● Requirement:
Given the material below, output exactly the lines from the line with "VEVOR Dalles de" to the line with "Short sleeve cotton", both ends included, and no other lines.

● Given entries:
>>>

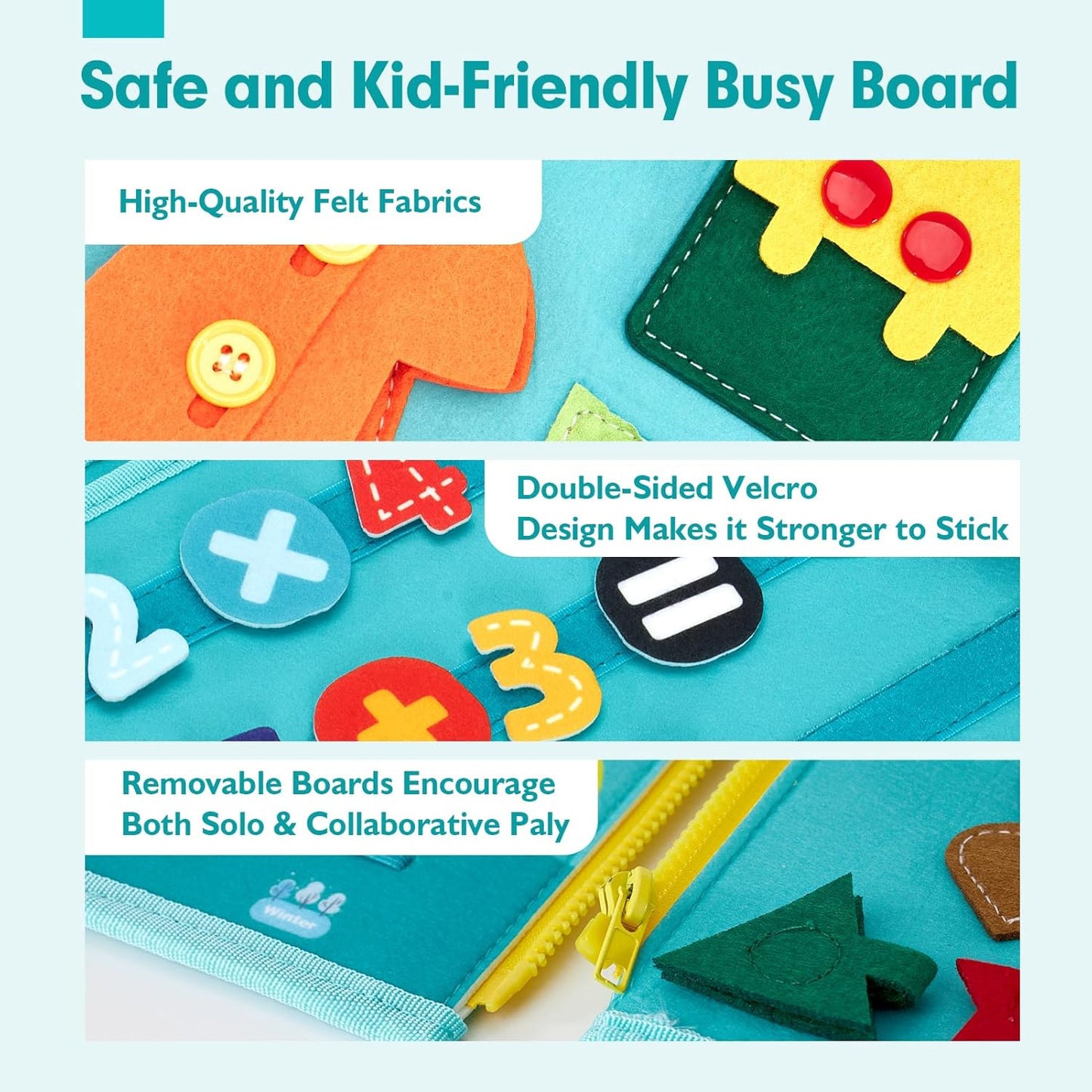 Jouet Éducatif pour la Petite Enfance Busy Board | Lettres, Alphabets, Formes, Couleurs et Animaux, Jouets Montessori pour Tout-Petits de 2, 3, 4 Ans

<<<
>>>

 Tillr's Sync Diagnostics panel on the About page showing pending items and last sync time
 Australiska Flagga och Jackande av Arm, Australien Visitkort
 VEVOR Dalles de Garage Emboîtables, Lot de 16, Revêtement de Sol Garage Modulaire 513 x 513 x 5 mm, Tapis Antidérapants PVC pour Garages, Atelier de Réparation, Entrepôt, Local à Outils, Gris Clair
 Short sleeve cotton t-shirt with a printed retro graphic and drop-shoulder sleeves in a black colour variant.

<<<

● Finished exercise:
 VEVOR Dalles de Garage Emboîtables, Lot de 16, Revêtement de Sol Garage Modulaire 513 x 513 x 5 mm, Tapis Antidérapants PVC pour Garages, Atelier de Réparation, Entrepôt, Local à Outils, Gris Clair
 Short sleeve cotton t-shirt with a printed retro graphic and drop-shoulder sleeves in a black colour variant.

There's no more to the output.